É isso mesmo que Joanne Harris faz com perícia: enfia-nos, sem pedir licença, na cabeça das pessoas mais abjetas. Sem pudor. Sem medo.
Esta é também uma estória sobre outros personagens, aqueles que criamos nesta rede virtual, todos os dias, uns por não terem mais que fazer, outros por preguiça ou inércia, outros por não ousarem sê-lo fora do ecrã, outros por lhes faltar a alma, outros porque sim ou porque não. A forma como nos pintamos, produzimos, enganamos, mentimos, ou dizemos a verdade sem querer dizê-la, expondo-nos sem querer fazê-lo.
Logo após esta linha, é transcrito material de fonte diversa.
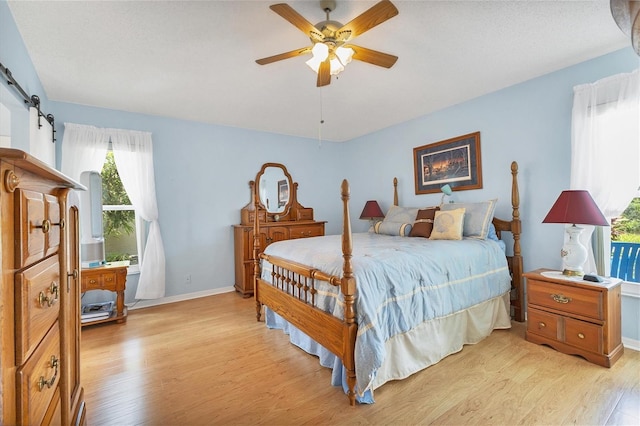 bedroom featuring multiple windows, a barn door, light wood-type flooring, and ceiling fan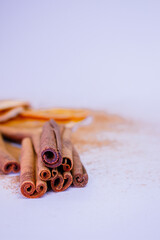 A pile of orange slices and cinnamon sticks on a white background. The oranges are cut in half and the cinnamon sticks are whole. Concept of warmth and comfort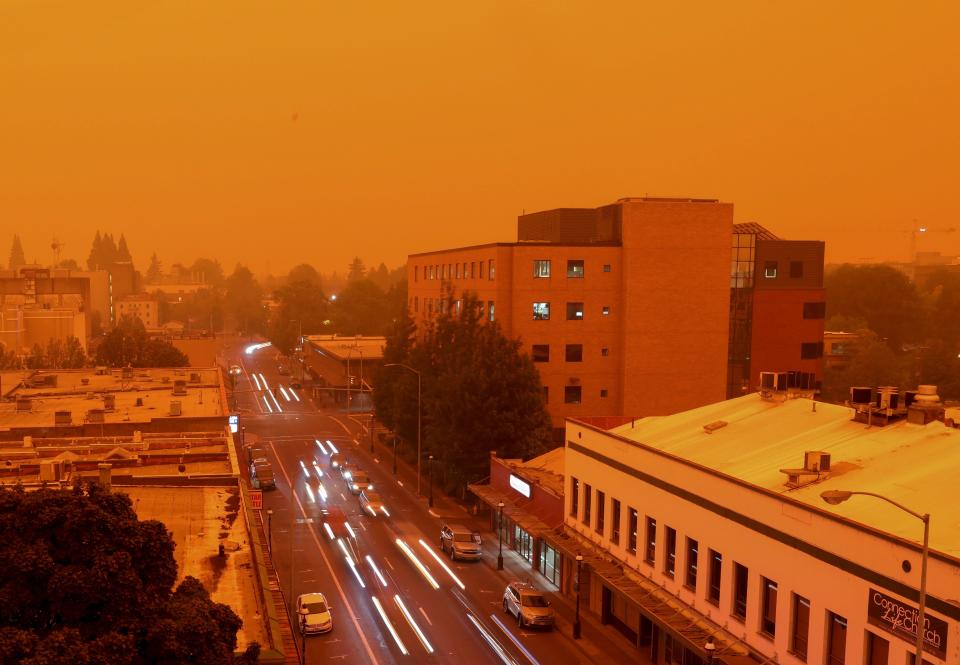In this Sept. 8, 2020, file photo, taken at 9:02 a.m., vehicles travel west on Ferry St. SE in downtown Salem. A combination of high winds and multiple wildfires brought smoke, poor air quality and low visibility to the Willamette Valley in September.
E a possibilidade de tudo, afinal, não passar de uma mentira que fabricamos, alguém que inventamos; alguém que ambicionamos ser; alguém de quem fugimos e para quem somos atraídos irremediavelmente. E também a figura estúpida que tantas vezes fazemos, sem disso nos apercebermos, quando deixamos comentários a aplaudir aquilo que não fazemos a mínima ideia do que se trata, porque as palavras ocultam, as mais das vezes, mundos de que não conhecemos sequer a superfície.
Uma estória que nos deixa presos no suspense até ao fim, que nos surpreende, como só ela sabe surpreender, e que, no fim, revela tanto de nós mesmos. E o mistério persiste, mesmo depois da última palavra.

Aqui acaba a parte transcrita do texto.